Pesantissima, la stoccata di Parisi. Il ministro della Difesa, ospite mattutino, era qui per parlare della sua materia, ma l’intervista di Veltroni sul Corrierone gravava come un macigno, specie nel passo dove il sindaco di Roma garantisce di non voler fare le scarpe a Romano Prodi perché «a Palazzo Chigi ci si arriva soltanto col voto popolare». Parisi ha fulminato: «Mi sorprende, ma per alcuni versi mi preoccupa, che Veltroni abbia sentito il bisogno di dirlo. È nelle cose, nella parte scritta e non scritta del nostro ordinamento, che a Palazzo Chigi si va sulla base di un voto popolare». Che condivida i sospetti di quanti non escludono una scorciatoia veltroniana che passi per elezioni anticipate? Di più il ministro non ha detto, passando invece alla critica «politica» dello schieramento messo insieme da Veltroni per conquistare il Pd, che vede «tutto e il contrario di tutto, dai gauchistes al nitido neocentrismo di Rutelli», invitando il candidato a scegliere.

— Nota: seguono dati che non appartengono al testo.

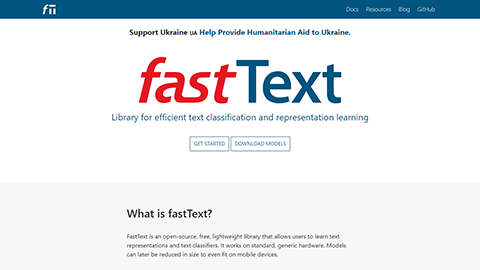 FastText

Nel pomeriggio, al dibattito sul futuro dei cattolici in politica, Rutelli è stato invitato a rispondere. Lui avrebbe fatto una scelta neocentrista, che pure «non è una parolaccia» secondo Parisi? «Non rispondo a piccole schermaglie quotidiane», ha dapprima eluso il vicepremier, per poi annunciare che sì, «appoggio Veltroni», con Walter «c’è una sintonia e un appoggio convinto». Le liste dei coraggiosi? «La decisione sarà presa entro un paio di settimane», ha risposto Rutelli.

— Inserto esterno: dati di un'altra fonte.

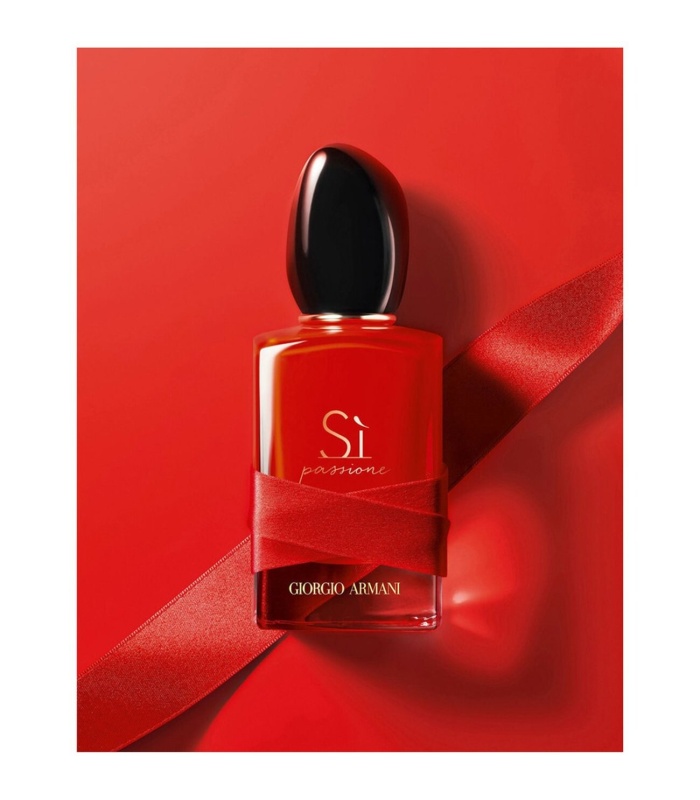 عطر جورجیو آرمانی سی پشن (Armani Si Passione)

Poco prima intanto, nel giardino del Grand Hotel, i giovani dell’Udc e dell’Udeur avevano tenuto una conferenza stampa coi rispettivi leader, invitandoli alla lista comune per le europee. Scontato il sì convinto e commosso di Mastella e Cesa, mentre Pezzotta dal fondo applaudiva commentando: «Non capisco perché si debba parlare con la puzza al naso della Dc, quando i comunisti sono al governo». Nel successivo dibattito alle Terme, la voglia di Scudocrociato è esplosa incontenibile, con Pezzotta a esortare di «fare in modo che il Family day diventi un progetto politico», Francesco Borgomeo a tuonare contro «i comunisti che scendono in piazza», Nuccio Cusumano che pressava: «Noi vogliamo che Pezzotta si misuri con noi». Con noi, cioè Mastella e Cesa. Quest’ultimo confida infine che Rutelli gli garantisca l’appoggio alla riforma elettorale in salsa tedesca, «appena sarà chiuso il voto nel Pd». Per questo, dal palco, fissa la scadenza a ottobre, altrimenti «caro Clemente...».

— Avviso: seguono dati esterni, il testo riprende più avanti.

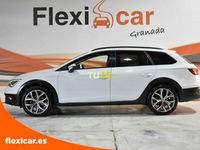 usado Seat Leon X-Perience ST 1.6 TDI 110cv 4Drive St&Sp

E Clemente è d’accordo, «possiamo arrivare alle estreme conseguenze, anche rompendo gli equilibri politici» per fermare il referendum, rivendica Mastella spiegando che «sul modello tedesco ci siamo noi, l’Udc, la Lega e Rifondazione, c’è una vasta maggioranza: se non si fa vuol dire che qualcuno non vuole».